The door to the office swung inward softly and silently. Flaxman straightened in his chair so that his body was at a 45 degree angle to the floor. His eyes closed and a tremor-not large, but visible-went down and up him.

Standing in the doorway was a robot tarnished to the point of fine pitting.

"Who are you, boy?" Cullingham asked coolly.

After a full five seconds the robot replied, "Electrician, sir," and brought his right claw to his square brownish dome in a salute.

Flaxman opened his eyes. "Then fix the electrolock on that door!" he roared.

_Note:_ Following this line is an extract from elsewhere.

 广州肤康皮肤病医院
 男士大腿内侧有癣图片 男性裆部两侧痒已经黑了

"Right, sir!" the robot said, saluting again smartly. "Just as soon as I've attended to the escalator." He pulled the door briskly shut.

Flaxman started to get up, then slacked down again in his chair. Cullingham said, "Strange! Except that he's so foully pitted, that robot is the image of Zane's rival-you know, the one that used to be a bank messenger-Cain Brinks, the author of the Madam Iridium stories. Must be a commoner model of robot than I realized. Well, now, Flaxy, you say the eggheads bug you, but you certainly put up a brave front yesterday when we had Rusty here."

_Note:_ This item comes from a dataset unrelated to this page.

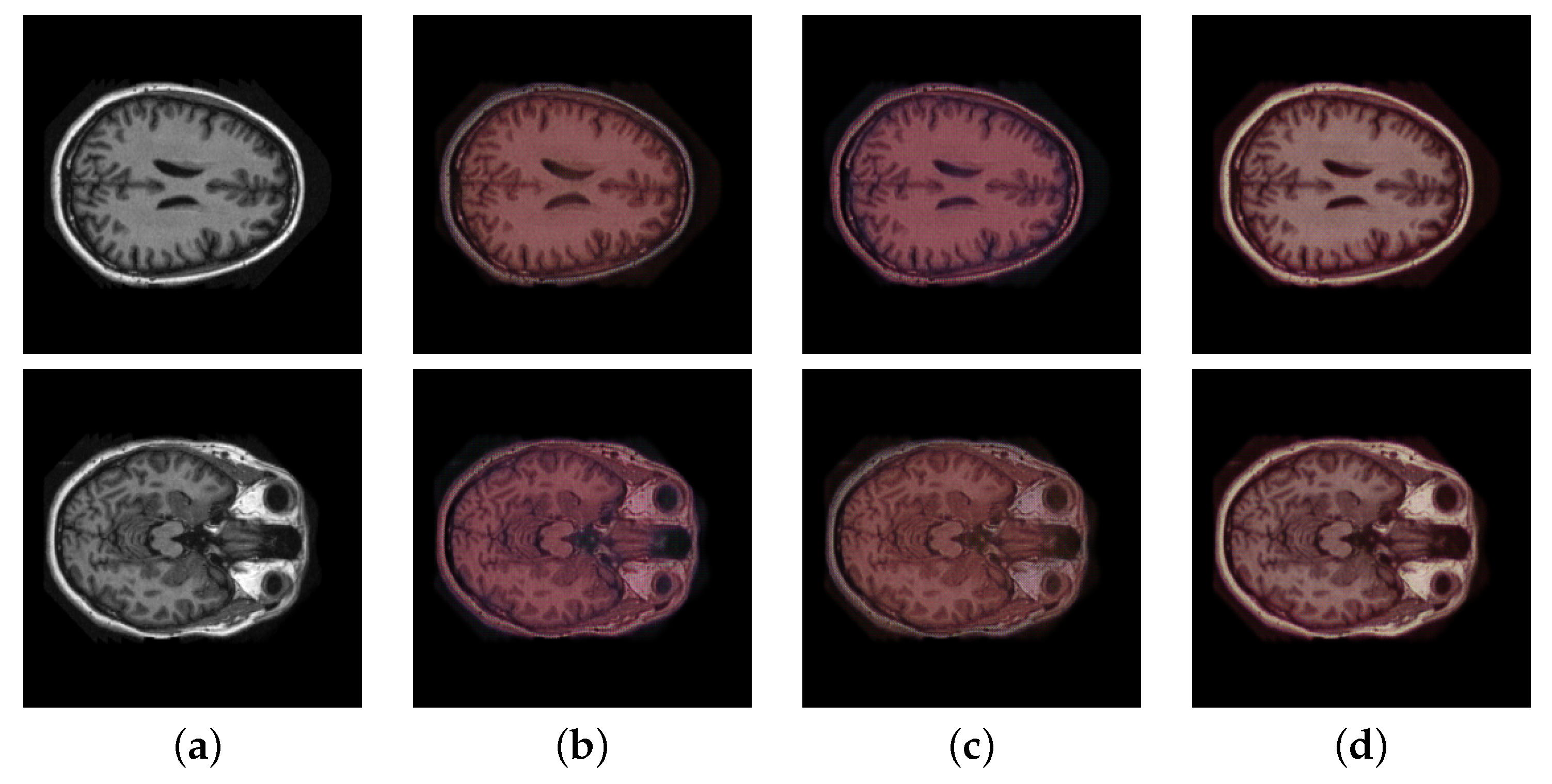 Applsci 13 03168 g005 Applsci 13 03168 g005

"I know, but I don't believe I can keep it up," Flaxman said miserably. "I thought it would be a simple over-in-a-flash matter of giving them assignments-you know, 'We want thirty hypnotic action-packed novels by next Thursday!' 'Yessir, Mr. Flaxman!' — but if we're going to have to confer with them and even argue and sweet-talk them just to get them to try it in the first place. . Tell me, Cully, what do you do when you get the jitters?"

Cullingham looked thoughtful for a moment, then smiled. "A secret for a secret," he said. "You keep mine as I'll keep yours. I go to Madam Pneumo's."

"Madam Pneumo's? I've heard that name before, but I never could get an explanation."

"That is as it should be," Cullingham said. "Most men pay three figures of money just to get the briefing I'm about to give you."